R/twoStageTMLE.R
In twoStageDesignTMLE: Targeted Maximum Likelihood Estimation for Two-Stage Study Design

Documented in twoStageTMLE

#' twoStageTMLE
#'
#' Inverse probability of censoring weighted TMLE for evaluating
#' parameters when the full set of covariates is available on only
#' a subset of observations.
#' 
#' @param Y outcome
#' @param A binary treatment indicator
#' @param W covariate matrix observed on everyone
#' @param Delta.W binary indicator of missing second stage covariates
#' @param W.stage2 matrix of second stage covariates observed on subset
#'  of observations
#' @param Z optional mediator of treatment effect for evaluating a
#'  controlled direct effect
#' @param Delta binary indicator of missing value for outcome \code{Y}
#' @param pi optional vector of missingness probabilities for \code{W.stage2}
#' @param piform parametric regression formula for estimating \code{pi}
#' @param pi.SL.library super learner library for estimating \code{pi}
#' @param V.pi number of cross validation folds for estimating \code{pi} 
#'  using super learner
#' @param pi.discreteSL Use discrete super learning when \code{TRUE}, otherwise
#'  ensemble super learning
#' @param condSetNames Variables to include as predictors of missingness
#'  in \code{W.stage2}, any combination of \code{Y, A}, and either \code{W} (for all 
#'  covariates in \code{W}), or individual covariate names in \code{W}
#' @param id Identifier of independent units of observation, e.g., clusters
#' @param Q.family Regression family for the outcome
#' @param augmentW When \code{TRUE} include predicted values for the outcome
#'  the set of covariates used to model the propensity score 
#' @param augW.SL.library super learner library for preliminary outcome
#' regression model (ignored when \code{augmentW} is \code{FALSE})

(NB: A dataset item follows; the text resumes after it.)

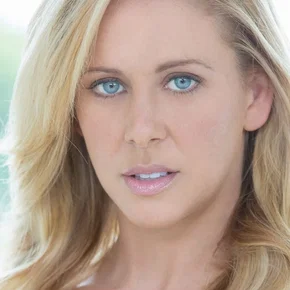 Photo star :  Cherie DeVille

#' @param rareOutcome When \code{TRUE} specifies less ambitious SL for Q in call
#' to \code{tmle} (discreteSL, glm, glmnet, bart library, \code{V=20})

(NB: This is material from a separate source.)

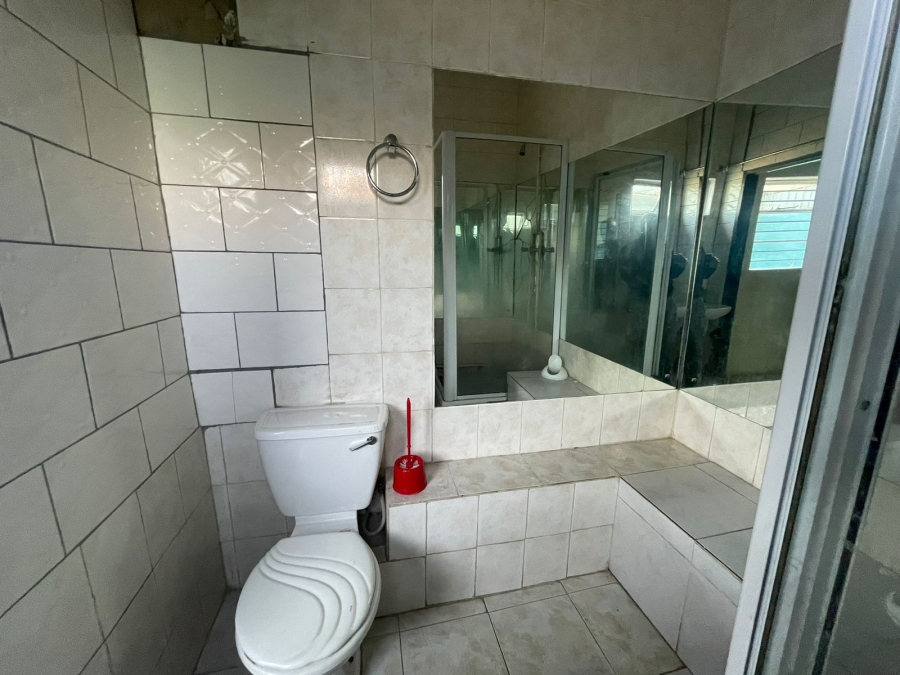 5 Bedroom Property for Sale in Brixton Gauteng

#' @param verbose When \code{TRUE} prints informational messages 
#' @param ... other parameters passed to the tmle function (not checked)
#'
#' @return object of class 'twoStageTMLE'.

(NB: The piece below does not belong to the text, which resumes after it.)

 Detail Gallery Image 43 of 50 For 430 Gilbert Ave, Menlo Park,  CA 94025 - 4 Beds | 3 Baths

#' \item{tmle}{Treatment effect estimates and summary information}
#' \item{twoStage}{IPCW weight estimation summary, \code{pi} are the probabilities,
#' \code{coef} are SL weights or coefficients from glm fit, \code{type} of
#' estimation procedure, \code{discreteSL} flag indicating whether discrete
#' super learning was used}
#' \item{augW}{Matrix of predicted outcomes based on stage 1 covariates only}
#'
#' @examples
#' n <- 1000
#' W1 <- rnorm(n)
#' W2 <- rnorm(n)
#' W3 <- rnorm(n)
#' A <- rbinom(n, 1, plogis(-1 + .2*W1 + .3*W2 + .1*W3))
#' Y <- 10 + A + W1 + W2 + A*W1 + W3 + rnorm(n)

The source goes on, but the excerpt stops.